## [Problem details]
Copy out each line below verbatim, skipping any picture.

Image-text web data
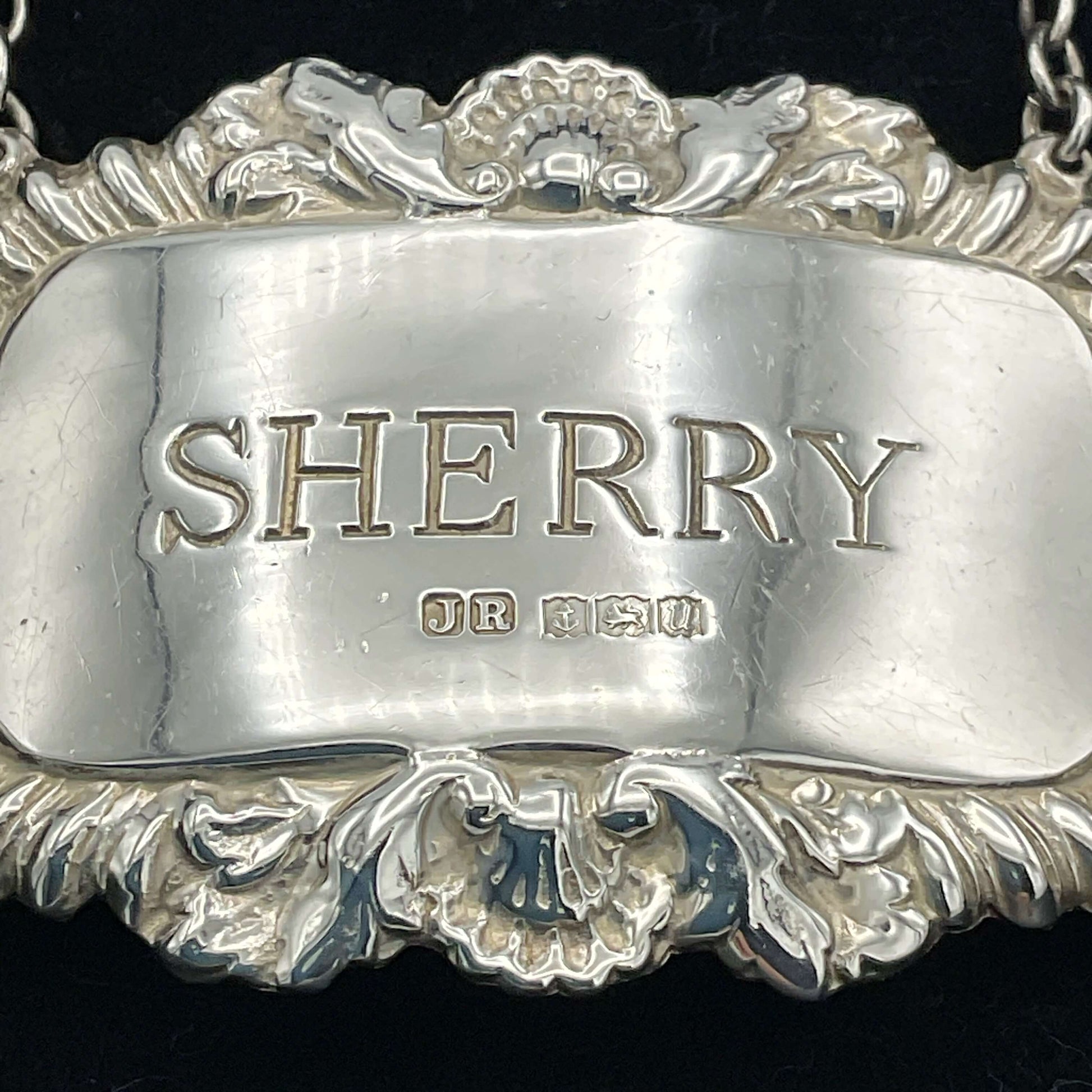 A shiny Sherry decanter label in front of a black presentation box.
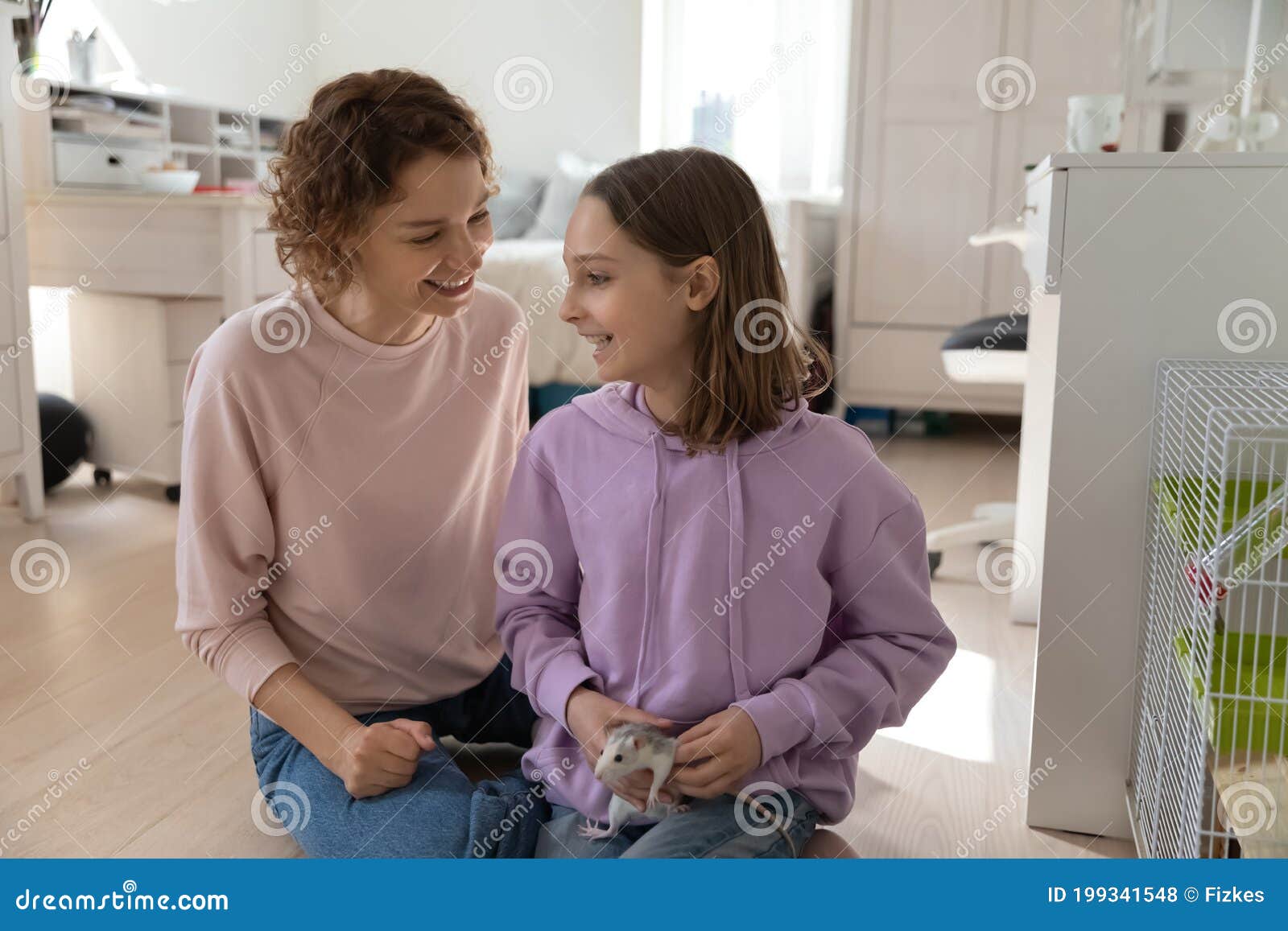 happy mom and teen daughter play with domesticated mouse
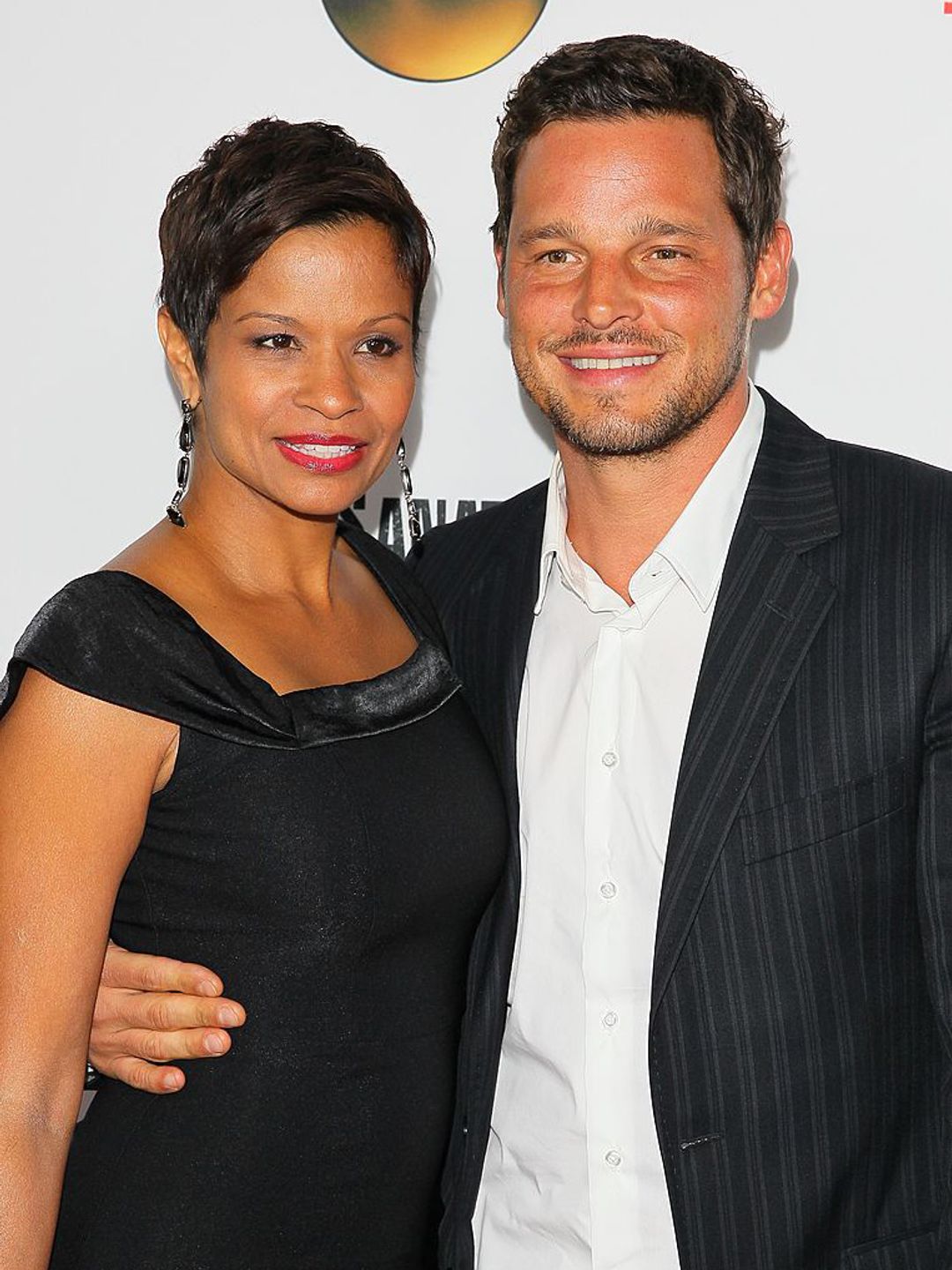 Justin and Keisha Chambers cuddle up for a photo on the red carpet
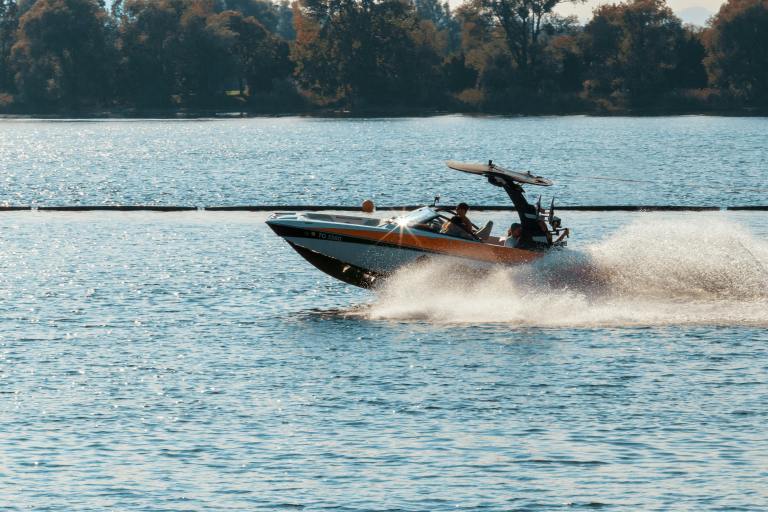 A speed boat travels along a lake.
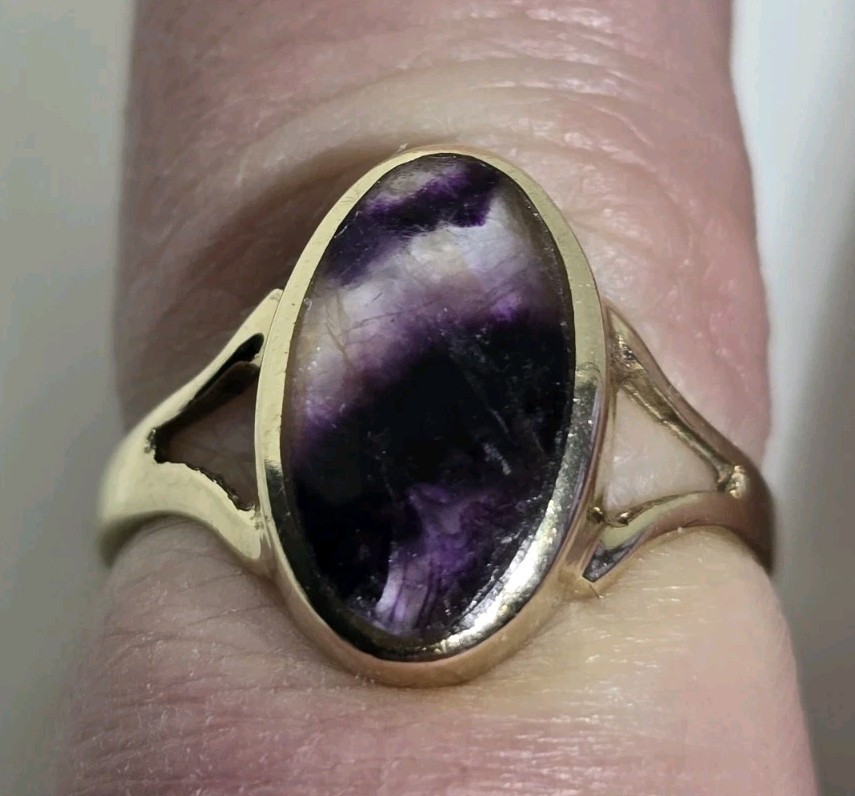 9ct Yellow gold open work ring. Collet set with an oval Blue John Cabochon.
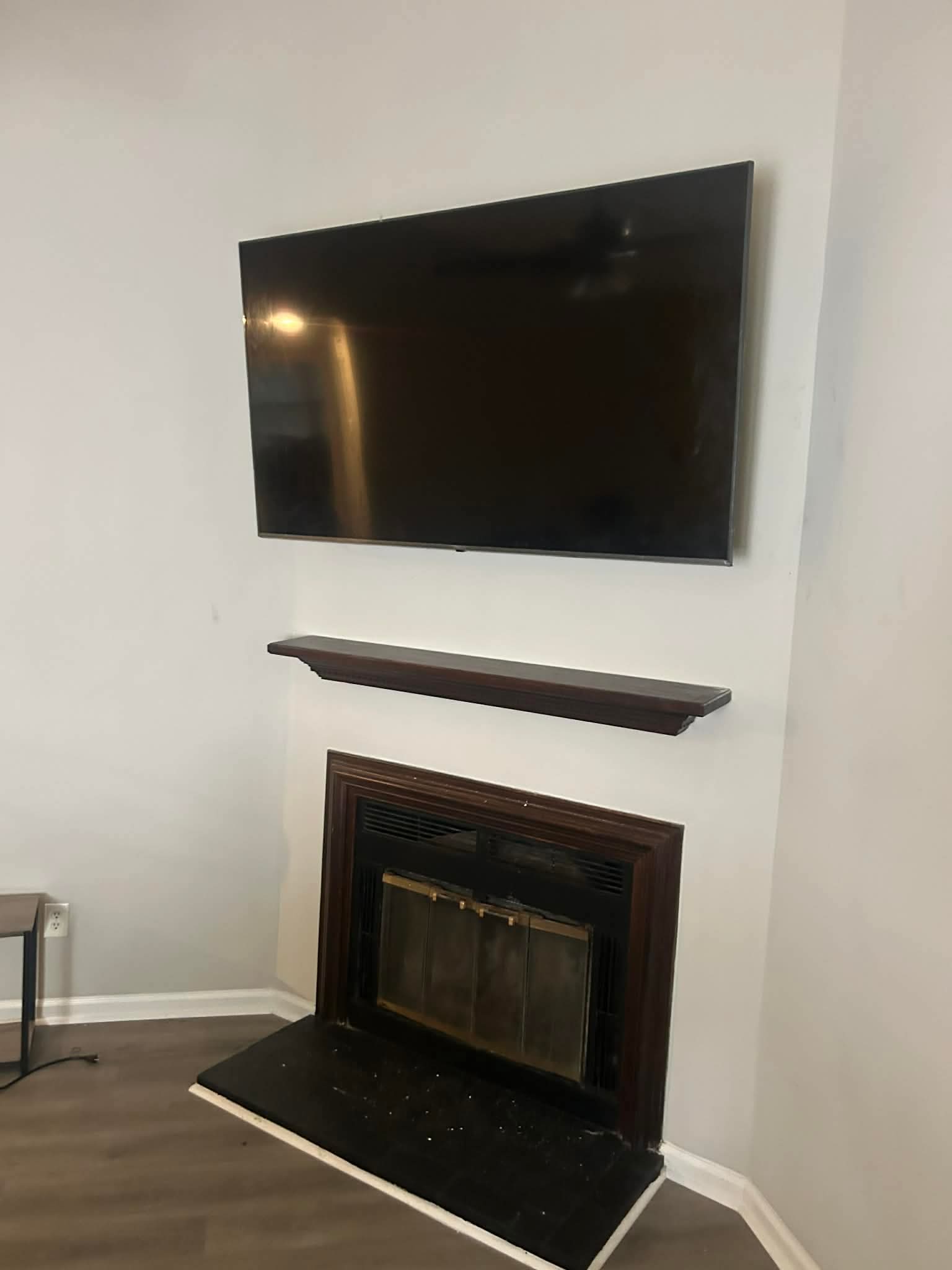 Slim OLED TV mounted on a matte charcoal accent wall with concealed wiring in a Chapel Hill media room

## [Solution below]
 A shiny Sherry decanter label in front of a black presentation box.
 happy mom and teen daughter play with domesticated mouse
 Justin and Keisha Chambers cuddle up for a photo on the red carpet
 A speed boat travels along a lake.
 9ct Yellow gold open work ring. Collet set with an oval Blue John Cabochon.
 Slim OLED TV mounted on a matte charcoal accent wall with concealed wiring in a Chapel Hill media room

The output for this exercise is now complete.